|
El camino hacia la normalización política e institucional en Honduras está a punto de llegar a su fin. Las reacciones de la comunidad internacional confluyen en un respaldo al presidente electo, Porfirio Lobo, después de las elecciones, de la decisión del Congreso Nacional de no restituir a Manuel Zelaya y de que hasta los zelayistas hayan arrojado la toalla. Unas elecciones, además, que fueron limpias y democráticas, según los observadores independientes. Ese reconocimiento al triunfador es la posición tanto de la Administración Obama como de la Organización de Estados Americanos, pasando por países como Brasil, que estudia ya aceptar los resultados y en cuya embajada se esconde el presidente depuesto, o por figuras como el presidente de Costa Rica y mediador en el conflicto, Óscar Arias.
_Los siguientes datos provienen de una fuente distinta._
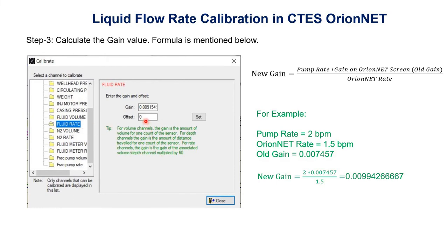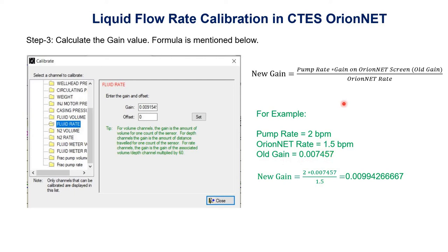Here we have gain and offset. We have to calculate the new gain. The formula for new gain is: pump rate multiplied by the old gain (shown on the Orion Net screen), divided by the Orion Net rate. For example, assume the pump rate is 2 barrels per minute, the Orion Net rate is 1.5 barrels per minute, and the old gain is 0.007457. So new gain = 2 × 0.007457 / 1.5 = 0.009942.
El Gobierno español, que dio un primer paso cuando aseguró que no reconocía, pero tampoco ignoraba, las elecciones, debe recomponer las relaciones con Honduras en un ejercicio de pragmatismo político similar al de EE UU o la OEA. Lo que no implica, sin embargo, una legitimación de la forma en que fue destituido Zelaya. Pero si queda alguna duda sobre cómo proceder, basta comprobar qué gobiernos se niegan a reconocer a Lobo: Venezuela, Bolivia, Cuba o Nicaragua.